Le Sénateur Fernando Collor de Mello, Président du Brésil de 1990 à 1992, et hôte du Sommet de la Terre en juin 1992, avant de démissionner en septembre de la même année, est revenu sur ses souvenirs de président lors de cet événement. Il a rappelé les réunions bimensuelles dans son bureau avec l’équipe de diplomates en charge de la préparation du sommet et le stress que représentait cette rencontre pour le tout jeune président de quarante ans qu’il était. Il est revenu également sur l’implication diplomatique et scientifique de haut niveau qui a permis de mobiliser la centaine de chefs d’Etat et de gouvernement au sommet de Rio en 1992. Il était là au bon moment et est ainsi entré dans l’histoire. Pour finir, il a rendu hommage à l’homme sans qui ce sommet n’aurait pas été un succès : Maurice Strong.

Aujourd’hui agé de 83 ans, Maurice Strong, a été sans nul doute l’homme de la journée. Entrepreneur canadien et président de Pétro Canada à la fin des années 70, il a rejoint la commission mondiale pour l’environnement des Nations Unies au milieu des années 80 après avoir été Secrétaire Général Adjoint des Nations Unies en charge de la coordination des opérations d’urgence en Afrique. Il est reconnu comme l’artisan de la réussite du Sommet de la Terre de Rio 92. Déjà en 1991 il critiquait ouvertement les Etats Unis qui représentaient, selon lui, le plus grand danger pour la santé écologique du monde.
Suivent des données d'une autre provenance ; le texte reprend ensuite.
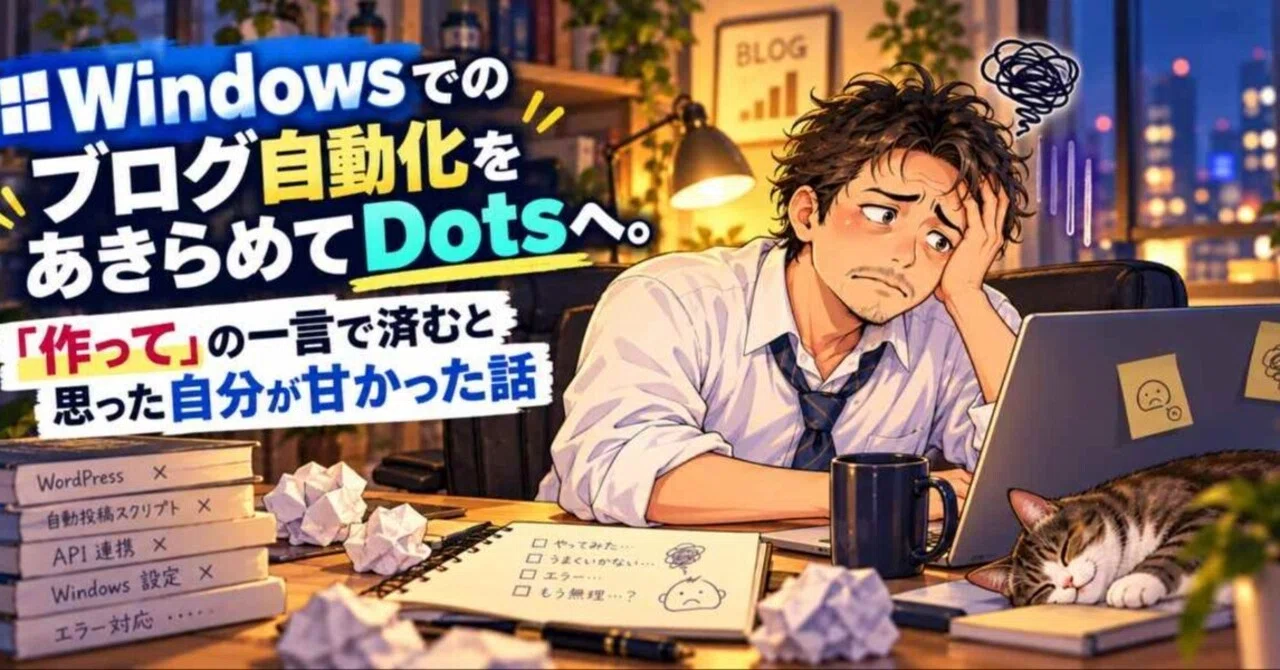 Giving up on blog automation on Windows and moving to Dots. The story ...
Fidèle à sa réputation, Maurice Strong a commencé son intervention par une interrogation : « Qu’est-ce qu’on célèbre ? ». Ovation de la société civile présente dans la salle. Son constat est clair, le monde a changé et pas dans le bon sens, le mouvement « occupy », selon lui., en est la meilleure preuve. Il indexe la politique de son pays, le Canada, qui est un des principaux responsables de la situation actuelle. Rio + 20, à ses yeux, est une conférence sur l’avenir de la civilisation humaine. Après un coup d’œil dans le rétroviseur de ces vingt dernières années, il a conclu que l’héritage du Sommet de la Terre de 1992 n’avait servi à rien, que la mise en œuvre des recommandations ambitieuses de Rio 92 avait été un échec, et qu’on ne pouvait pas le célébrer mais plutôt mettre en garde et assumer notre responsabilité collective. Sa proposition pour ce sommet afin de sauver le monde du point de non-retour où nous nous trouvons est la mise en place d’un système de responsabilité contraignante indépendant des gouvernements. Pour conclure, il a rappelé que l’histoire récente du monde a prouvé que seules les révolutions aboutissent à des changements. Il a donc demandé à ce que, lors de ce sommet, soit lancée une révolution pour que lancée une révolution pour que la sécurité de tous et la sécurité de notre planète soient à jamais assurées. Standing ovation de deux minutes de la salle. Tout un hommage.

Pour terminer cette commémoration, les secrétaires exécutifs des trois conventions des Nations Unies nées à Rio en 1992 ont été invités à venir présenter le bilan de leur vingt ans d’existence. On peut facilement deviner les résultats de leur évaluation. Toutefois, une absence de marque à cet exercice : Christina Aguillera, la très célèbre et médiatique secrétaire exécutive de la Convention Cadre des Nations Unies sur le Changement Climatique, empêchée par les négociations en cours et toujours dans l’impasse.